> [Task details]
Nothing outside the range is to be copied. From the entries below, reproduce exactly the lines starting at the one with "Film noir style, portrait" and ending at the one with "Savage Honey Geripptes", without pictures.

> [Image-text web data]
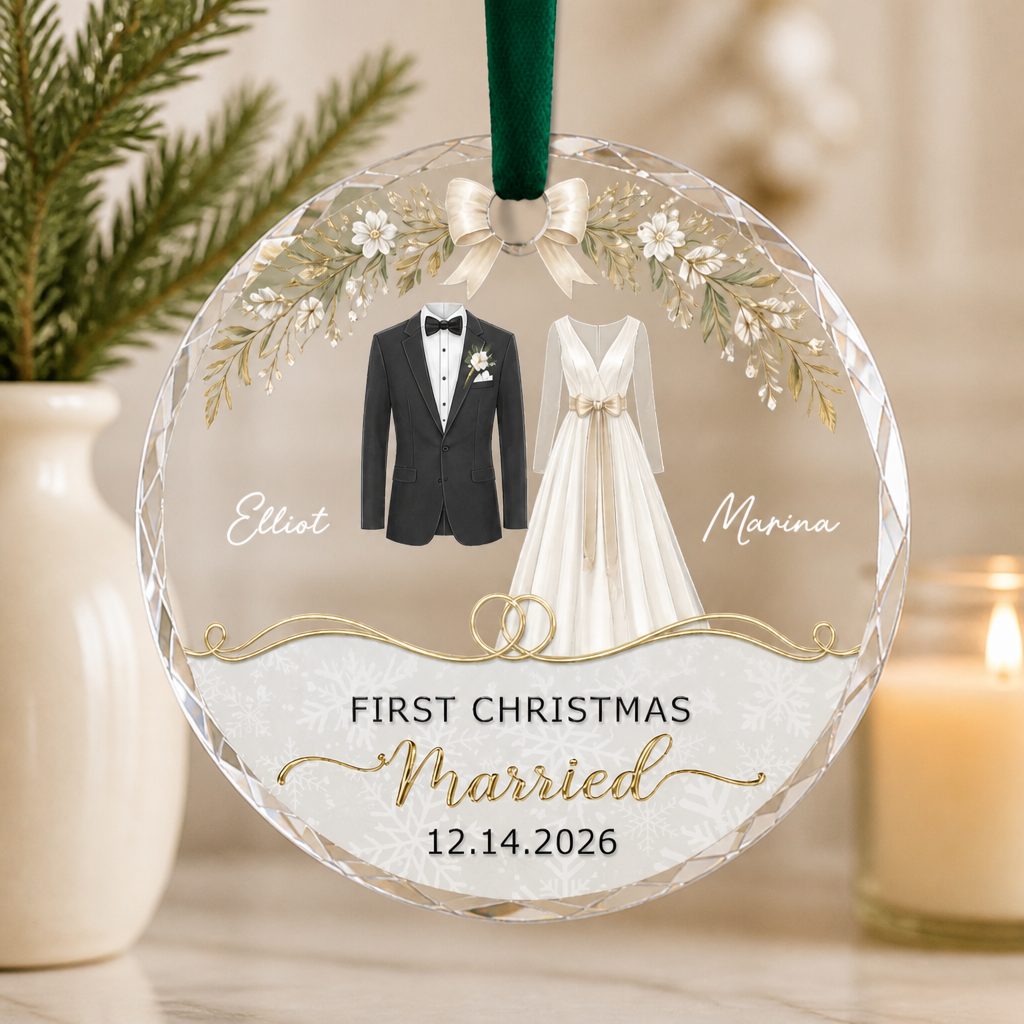 FIRST CHRISTMAS Married – Personalized Crystal Ornament – Christmas Gift For Couple mockup-product-6a8fa540392ebf2178dd3347.png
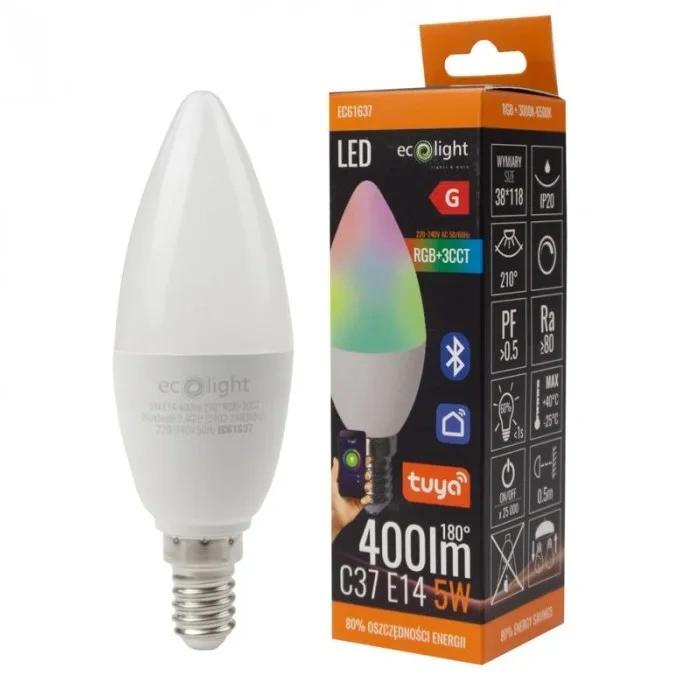 Inteligentna żarówka E14 C37 5W 400lm ECO LIGHT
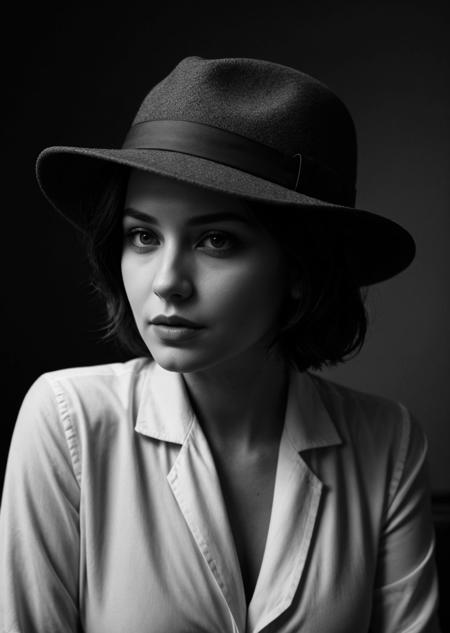 Film noir style, portrait of a woman, (short:0.3) wavy hair, detective, fedora hat, shirt, tie, indoor, bold lines, hyper detailed, mysterious, cinematic, looks at viewer, (closeup:0.8), (smoke:0.5), monochrome, studio lighting, high contrast, sharp focus on a subject, dark background, dramatic shadows <lora:pytorch_lora_weights:0.5>, <lora:picxer_bside:0.7>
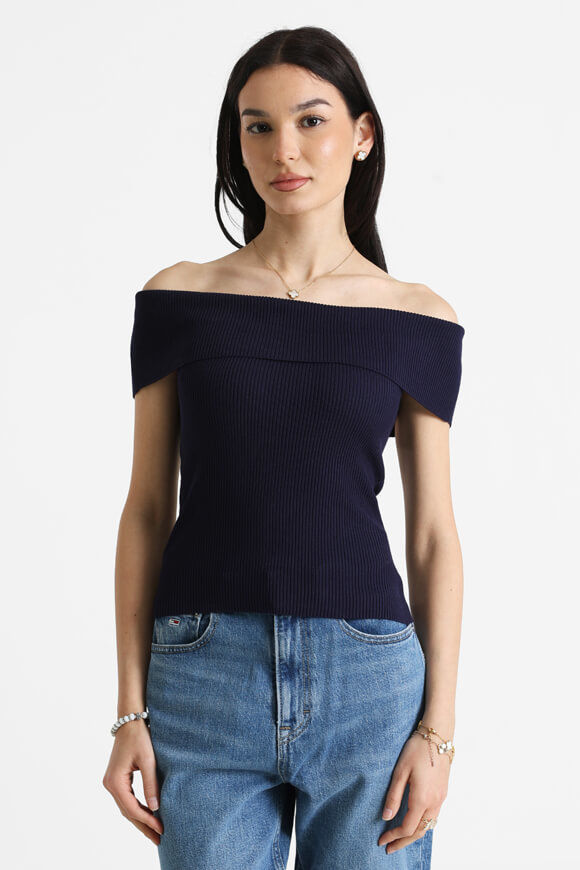 Savage Honey Geripptes Off Shoulder Crop Stricktop | Marineblau | Damen  | M von Savage Honey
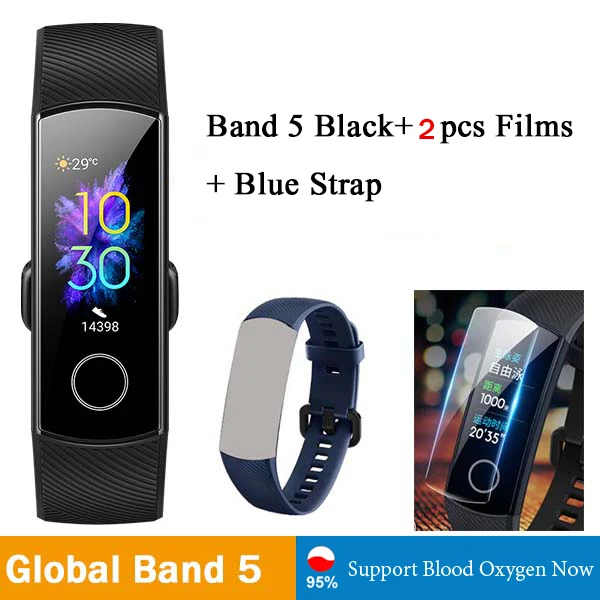 Смарт-браслет huawei Honor Band 5, оксиметр, волшебный цветной сенсорный экран, датчик сердечного ритма, сна и сна - Цвет: G 5 n 2F n blue s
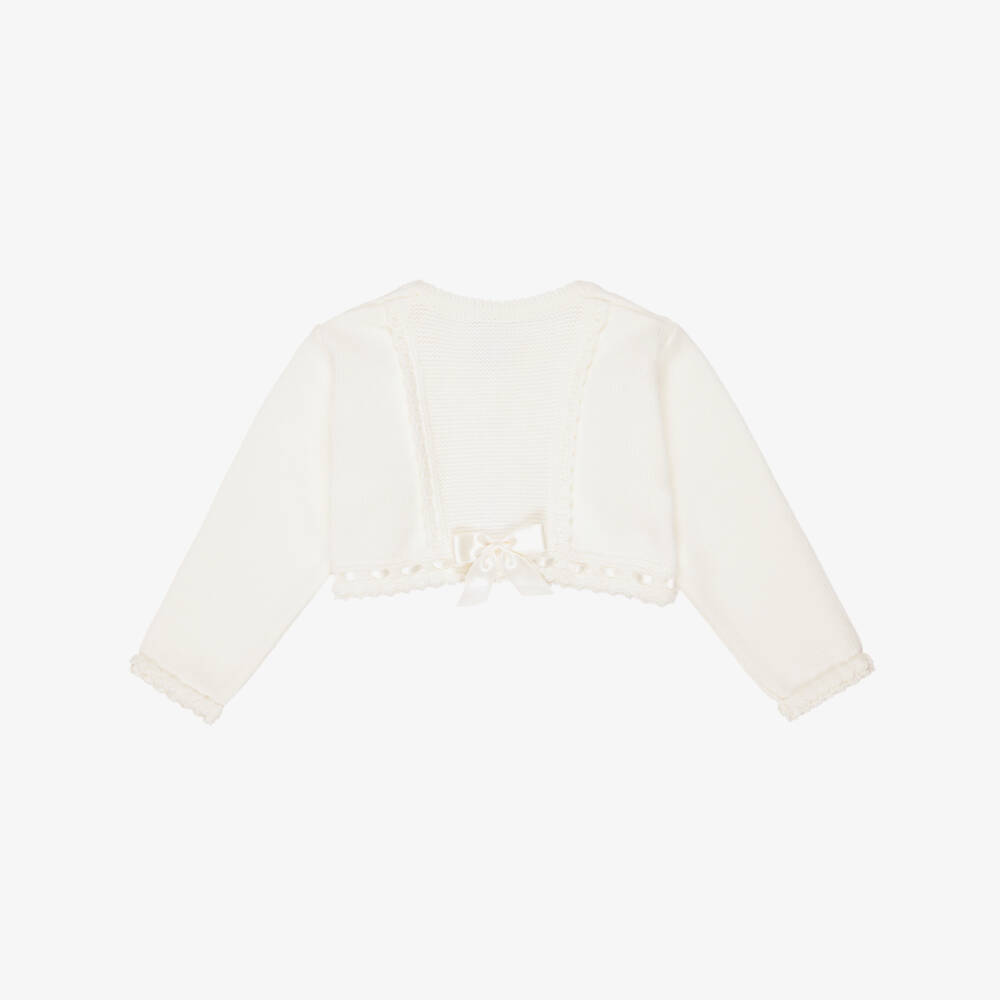 Artesanía Granlei-Girls Ivory Bolero Cardigan with Ribbon Detailing | Childrensalon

> [Exercise solution]
 Film noir style, portrait of a woman, (short:0.3) wavy hair, detective, fedora hat, shirt, tie, indoor, bold lines, hyper detailed, mysterious, cinematic, looks at viewer, (closeup:0.8), (smoke:0.5), monochrome, studio lighting, high contrast, sharp focus on a subject, dark background, dramatic shadows <lora:pytorch_lora_weights:0.5>, <lora:picxer_bside:0.7>
 Savage Honey Geripptes Off Shoulder Crop Stricktop | Marineblau | Damen  | M von Savage Honey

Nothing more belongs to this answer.